Let’s be clear about this: to autonomously fly through these gaps (which are only 1.5 times the size of the robot, with a mere 10 centimeterof clearance on each side), the quadrotor is using a 752 x 480-pixel monochrome camera with a 180-degree field of view lens, and a PX4FMU autopilot with an IMU and a smartphone-class single board Odroid XU4 computer running ROS.
It then computes a trajectory to pass through the gap that keeps the quadrotor as far as possible from the edges, which is what you want to do to not run into stuff, while also trying to keep the gap itself in view of the quadrotor’s camera as much as possible.
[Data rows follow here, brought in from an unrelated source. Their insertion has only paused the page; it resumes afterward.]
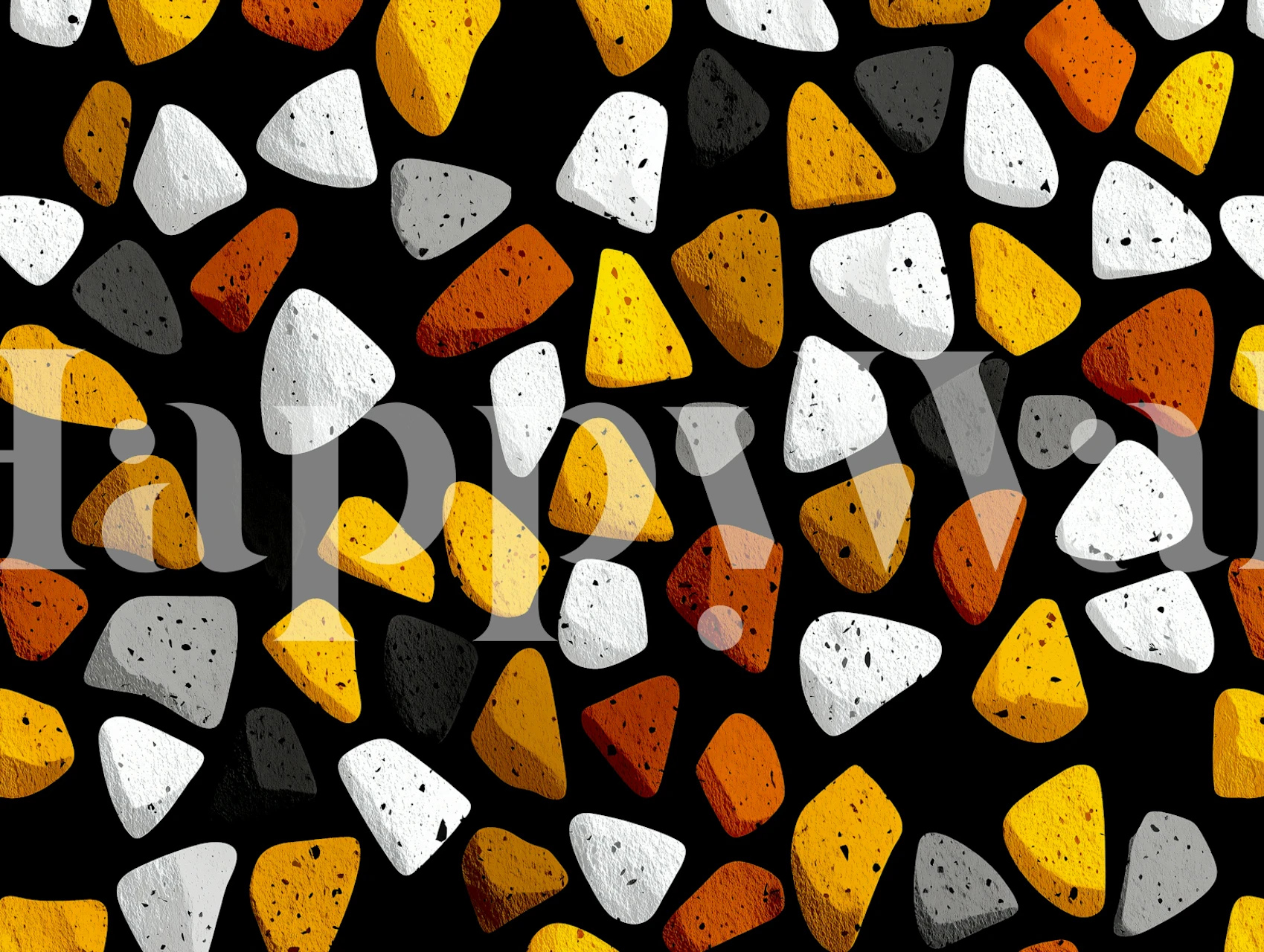 Terrazzo Stones on Black wallpaper design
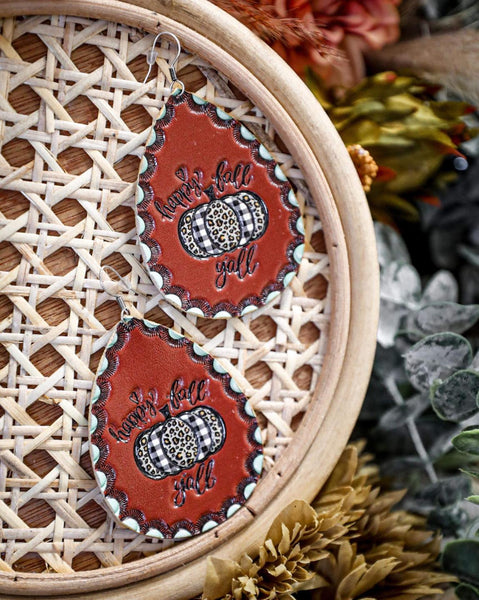 "Happy Fall Y'all" Teardrop Earrings - The Lace Cactus
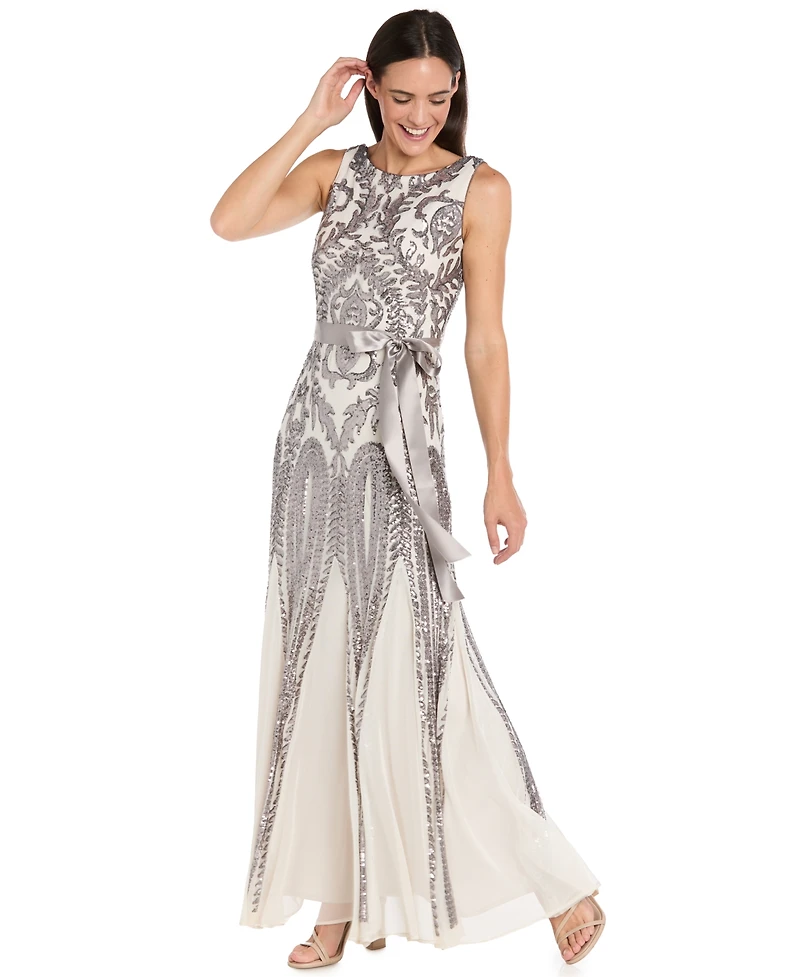 R & M Richards Women's Sequin Sleeveless Ball Gown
This trajectory is very focused on gap traversal, so the starting point for it involves the quadrotor moving at high speed and possibly oriented a little bit sideways, so the system also needs to come up with a second trajectory that takes the robot from a stable hover into the gap traversal trajectory.
Once the robot starts heading for the gap, it does its best to keep its camera pointed at the frame of the gap to continually update its state estimation relative to the space it’s trying to squeeze through and dynamically replan its trajectory as necessary.
This is a requirement for actually using these skills in a way that’s practical: it’s not just about getting drones to fly through windows, but more about teaching them to be able to reliably maneuver around all kinds of different obstacles, in any environment, from forests to urban areas to your living room.
Indeed, for the robot to localize with respect to the gap, a trajectory should be selected, which guarantees that the quadrotor always faces the gap and should be re-planned multiple times during its execution to cope with the varying uncertainty of the state estimate (the uncertainty increases quadratically with the distance from the gap) while respecting the vehicle dynamics.
To traverse the gap, we compute a trajectory which can be executed blindly thanks to its short duration and to the fact that it requires precomputed constant inputs (namely, a collective thrust of given magnitude and zero angular velocities).
These scenarios are conceptually similar and our approach can be adapted such that, beside being perception aware (i.e., the pole or tree always visible in the image), the distance from the pole is now minimized (to minimize the overall flight time) while ensuring that is there is no collision.